The church recently underwent a £5m refurbishment led by The Churches Conservation Trust and an official opening ceremony is due to be held on Saturday, April 16, 2022.
During the restoration project, a letter was found hidden under a pew, written on the back of an Order of Service sheet dated August 11, 1897.
Written in pencil by William Elliott, it starts “Dear Friend”.
In the top right-hand corner, he gives his address as Sunderland Orphan Asylum, which stood near the church and was set up to provide an education for male orphans of seafarers.
Whoever finds this paper, think of me…
In the note, William writes about his fears of going to sea himself in “two months, two weeks and four days”.
He said: “Whoever finds this paper, think of me, William Elliott … whoever you are that finds this paper, don’t tear it up or throw it away, keep it in remembrance of me.”
He adds that he was the “leading boy” of the choir.
Research carried out by volunteers at the church has since found that William didn’t go to sea, but in fact became employed as a clerk in a solicitor’s office.
Holy Trinity Church is a Grade I listed building built in 1719. It was the first parish church of Old Sunderland and housed the old town’s council chamber and library.

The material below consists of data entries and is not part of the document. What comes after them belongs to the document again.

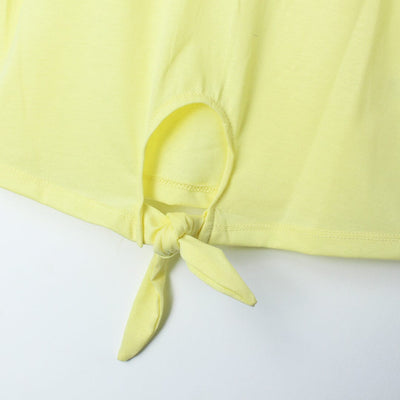 Futuristic Yellow Themed Girls T-Shirt T-Shirt Iluvlittlepeople 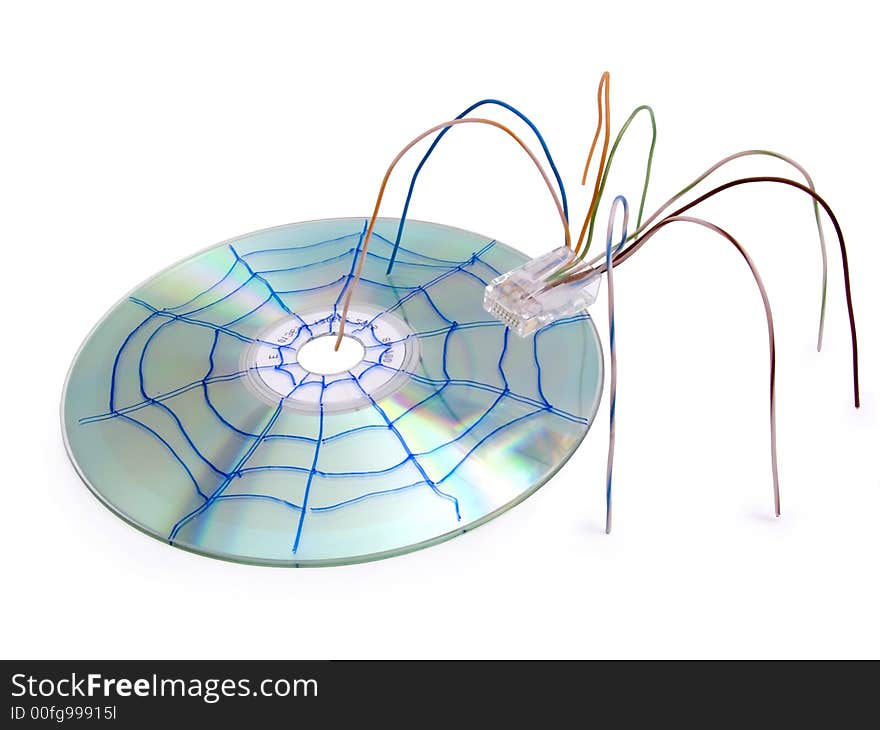 Spider from wires and disk. Spider from wires and disk.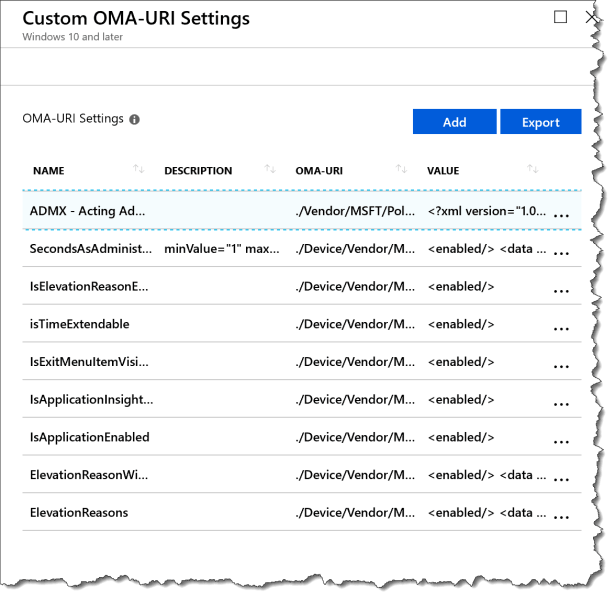 How does a acustom set of ADMX-based work with Intune - 14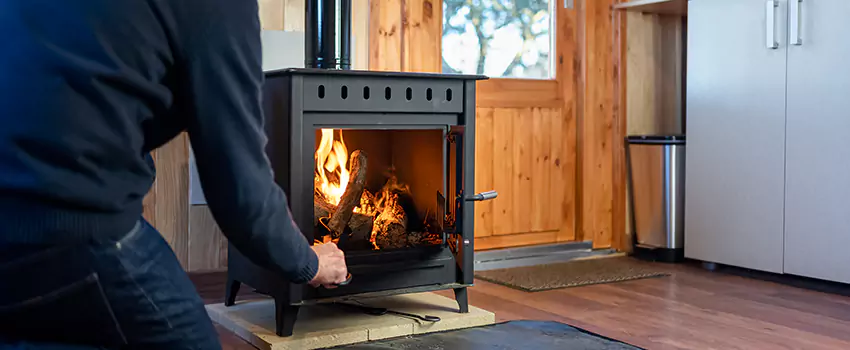 Open Hearth Wood Fireplace Installation in Trenton, MI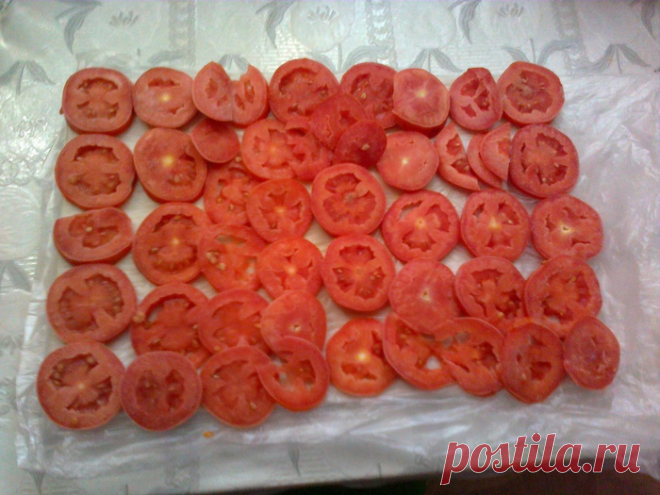 Помидорная заморозка для пиццы и не только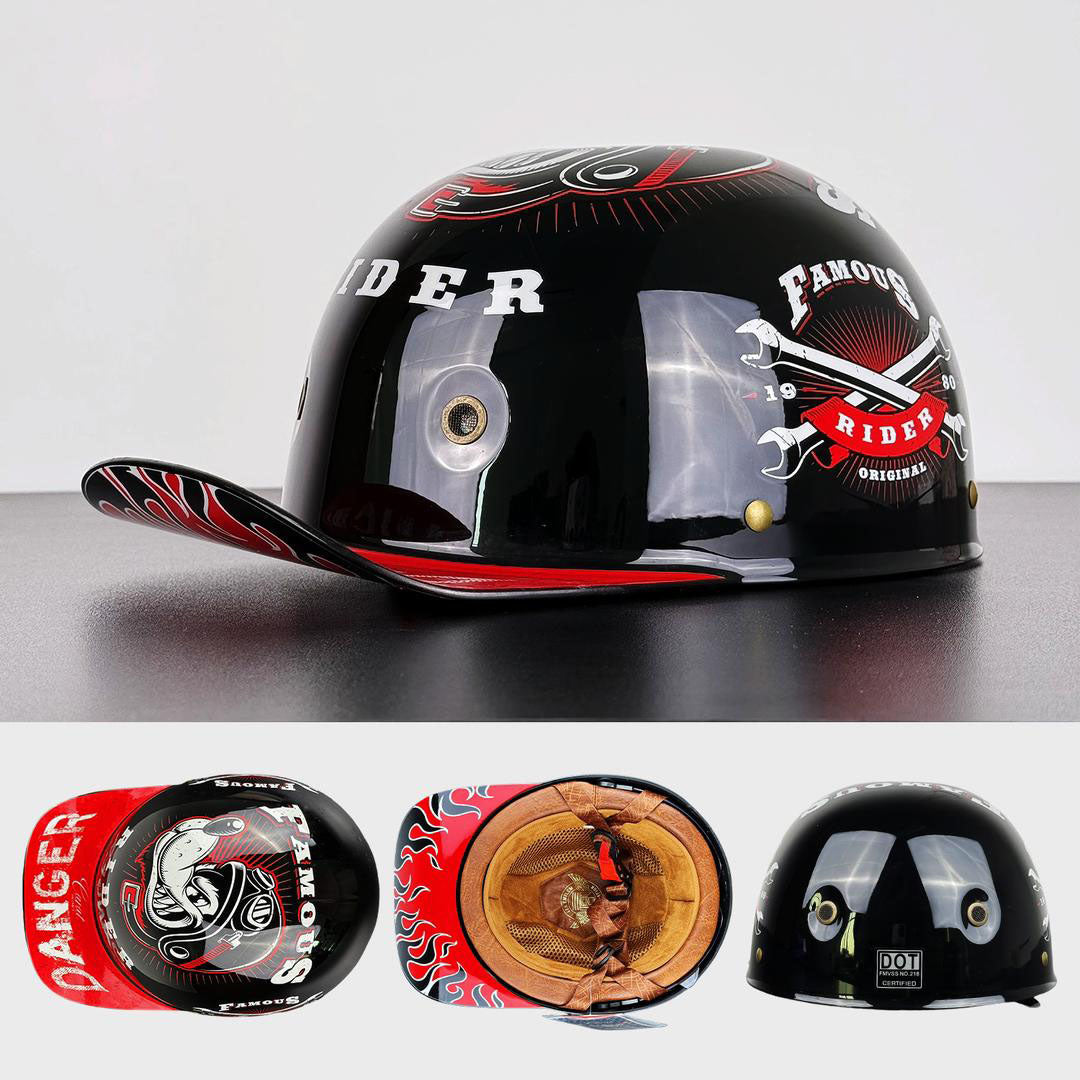 Casque de baseball PulseCap pour cyclisme, élégant et sûr, homologué DOT et ECE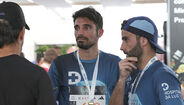 Tiago Castela, técnico de imagiologia do Hospital da Luz Lisboa (no centro)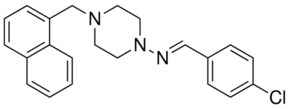 N-(4-CHLOROBENZYLIDENE)-4-(1-NAPHTHYLMETHYL)-1-PIPERAZINAMINE AldrichCPR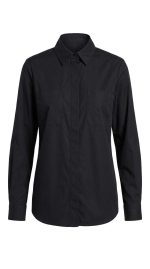 Chemise Noire Chic et Minimaliste - Orkidia Fashion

From church to community and heritage hub
Once at the heart of the city’s thriving port area, the dwindling number of churchgoers eventually led to its closure in 1988.
It is now a venue for concerts and events, as well as a community hub for the city’s burgeoning East End, with several projects already up and running.
Dear Friend encourages people to pen a letter in a traditional Georgian style, via a special pack curated by Jules, who has a keen interest in vintage handwriting as well as modern calligraphy and brush lettering.
History about more than dates and facts
Lily Daniels, participation and engagement officer for The Churches Conservation Trust, said: “Holy Trinity was a space where big things happened for the city, but also a place where big moments in people’s lives happened.
“William’s story reminds us all that history isn’t dates and facts – it’s people’s hopes, dreams and disappointments.
“Our volunteers decided to stop researching William’s life after they discovered he may have died during World War One.
“He asks in his letter that we remember him and we try and remember him at the time he wrote the letter; a young man, anxious about what lay ahead and hopeful that his story would continue.”
Lily adds: “We’re thrilled with the work Jules has done, she’s very sensitively captured the urge to communicate, remember and share in such a beautiful art form and we can’t wait to see the responses people produce with their own letters.”
The responses will be displayed in the church as they are received throughout April.
Jules said: “Writing letters has always been an important part of my life, so I was delighted to work on this project for Seventeen Nineteen, combining my love of letter writing, vintage handwriting and history.”